Flipping the global container.network to bridge would break every
other workflow in the repo (cache server discovery,
molecule-monorepo-net peer access during integration tests, etc.) —
unacceptable blast radius for a per-test bug.
Fix shape
handlers-postgres-integration.yml no longer uses services: postgres:.
It launches a sibling postgres container manually on the existing
molecule-monorepo-net bridge network with a per-run unique name:
env:
PG_NAME: pg-handlers-${{ github.run_id }}-${{ github.run_attempt }}
PG_NETWORK: molecule-monorepo-net
steps:
- name: Start sibling Postgres on bridge network
run: |
docker run -d --name "${PG_NAME}" --network "${PG_NETWORK}" \
...
postgres:15-alpine
PG_HOST=$(docker inspect "${PG_NAME}" \
--format "{{(index .NetworkSettings.Networks \"${PG_NETWORK}\").IPAddress}}")
echo "PG_HOST=${PG_HOST}" >> "$GITHUB_ENV"
# … migrations + tests use ${PG_HOST}, not 127.0.0.1 …
- if: always() && …
name: Stop sibling Postgres
run: docker rm -f "${PG_NAME}" || true
The host-net job container can reach a bridge-net container via the bridge IP directly (verified manually, 2026-05-08). Two parallel runs use different names + different bridge IPs — no collision.
Future-proofing
Other workflows that hit the same shape (any services: with a
fixed-port image) will exhibit the same failure mode under
host-network runner config. Translate using this same pattern:
- Drop the
services:block. - Use
${{ github.run_id }}-${{ github.run_attempt }}for unique container name. - Launch on
molecule-monorepo-net(already trusted bridge indocker-compose.infra.yml). - Read back the bridge IP via
docker inspectand export as a step env. if: always()cleanup step at the end.

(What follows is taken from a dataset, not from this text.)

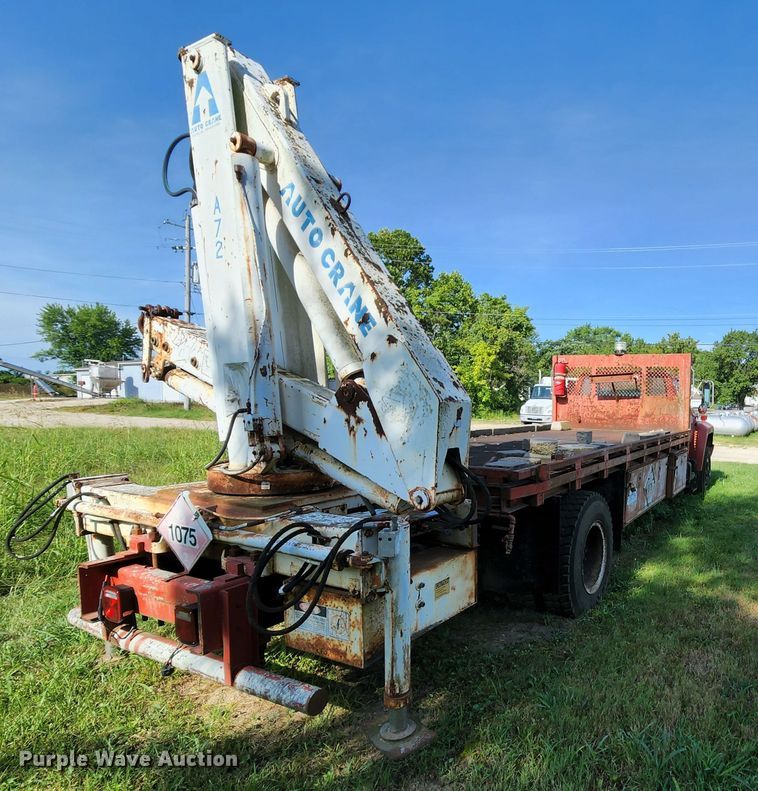 image for item MK9070 1992 Ford F700  flatbed truck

If the count of such workflows grows, factor into a composite action
(./.github/actions/sibling-postgres) so the substrate logic lives
in one place.
Related
- Issue #88 (closed by #92): localhost → 127.0.0.1 fix that unmasked this collision; the IPv6 fix is correct, port collision is the new layer.
- Issue #94 created
molecule-monorepo-net+alpine:latestas prereqs. - Saved memory
feedback_act_runner_github_server_urldocuments another act_runner-vs-GHA divergence (server URL).